Friday, November 5, 2010

I peed on myself.

That's right. I did. It was hilarious.

Picture this if you will. Lola is running late on her way to Fairfax to a gym where she doesn't belong or had never been. Her bestie, Hottie #2 is teacher a step class & Lola wants to join her for step & dinner aftewards. She is driving frantically because, well, she is late. That's nothing new. Lola has horrible night vision & now that it gets dark before 6pm, she should be banned from going anywhere, but by the forces of nature, she is not.

I am lost. The address will not pull up on my GPS. (I know, I went from 3rd person to 1st person. It's ok. It's mah blawg) So, I decide to turn around thinking I had driven past this so-called gym that exists. I hit a curb. I blow out my tire. I even ruin my rim. I'm in the middle of nowhere Fairfax. I park the car in a neighborhood & I am surrounded by nothing.

I have to pee. I walk up the street & notice a gas station a few blocks away. It is pitch black. I am in the middle of nowhere & this gas station is the only end in sight for me. I take the trail. I hear a noise in the bushes. And, then I SEE the bushes move. I go back to my car. Epic fail.
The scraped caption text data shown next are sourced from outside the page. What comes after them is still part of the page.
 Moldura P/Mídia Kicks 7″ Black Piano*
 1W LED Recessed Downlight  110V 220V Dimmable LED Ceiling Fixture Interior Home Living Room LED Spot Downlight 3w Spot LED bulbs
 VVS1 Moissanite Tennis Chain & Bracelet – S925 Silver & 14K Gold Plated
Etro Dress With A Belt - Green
I could pee in the woods, but I see a few joggers out & the thrill of being caught with my pants down does not appeal to me. I could knock on the door to some random townhouse hoping some nice neighbor will take pity on me on this horribly cold evening & let me use their bathroom. Yeah, no.
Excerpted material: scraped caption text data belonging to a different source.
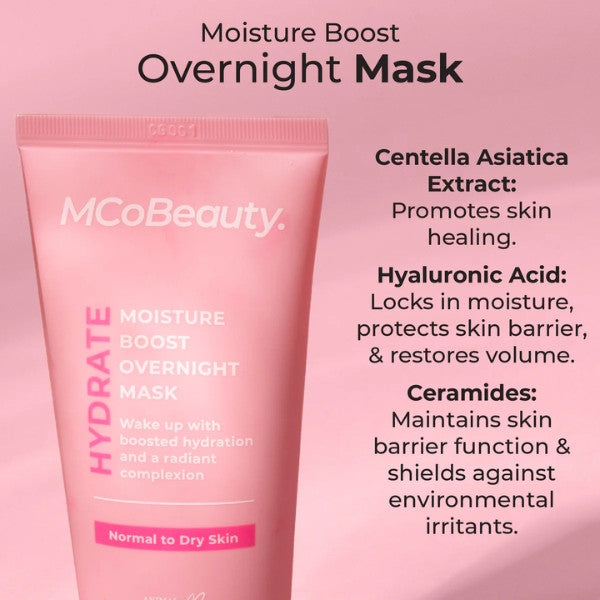 MCoBeauty Moisture Boost Overnight Mask 100ml
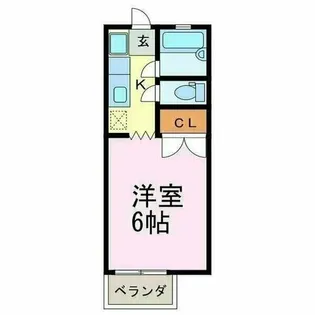 GLANZ【2階】の間取り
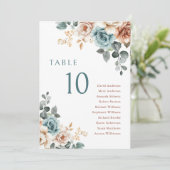 Terracotta Aquamarine neutrale Wasserkochkarte Einladung (Stehend Vorderseite)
So, I have an idea. I have a cup in the car & I'm gonna pee in it! J is 1/2 an hour away & I just don't want to hold it for that long. I lock the doors, jump in the backseat & pull my pants down. I can't see what I am doing. Did I mention it was PITCH FUCKING BLACK? I turn on the light in the backseat & squat. I miss the cup. Pee is running down my leg, on to my leather seat & I stop peeing. I readjust myself over the cup & let it flow. The cup fills. I am not done with the peeing process. I stop, open the car door & let the pee out. Pee, you are free!

Okay, take twenty. I continue to pee & this time I overfill the cup & pee gets everywhere, again. Fuck. I am trying to clean up pee, hold a cup full of pee without spilling any more of it & my ass is hanging out. All of a sudden, a jogger runs by & I am caught, well, with my pants down & my big, white ass pressed against my backseat window. Oh yeah, the light is still ON!

Hmmm. I am now in a bit of a jam. Flat tire in dark neighborhood at 8pm, not a problem. Fuck, I'm not in a jam, I have a situation. I let the jogger go by wishing he didn't see what I think he saw. And if he saw what I think he saw I hope he doesn't have nightmares about my big, white ass for the rest of his life. I open the car door, dump the pee & put the cup in a plastic bag. I grab my sweat towel that I won't be needing since I will never make step class. I clean up the seat, the console, my ass, my legs, my crotch & I finally pull my pants back up.

I'm wet. It's cold. And, to make matters worse I had only emptied HALF of my bladder. Fuck it, I'm waiting.

What seemed like the longest wait ever, J arrives. He is in the backseat trying to find the jack to my car when he puts his hand in something wet. He wipes his hand dry on his jeans & says, "What the hell is all over the seat?"

Double snort.

1 comment:

Rusty Wood said...

Love the sincerity in your posts. You lay yourself bare, nothing the slightest bit pompous. Very fluid, very readable.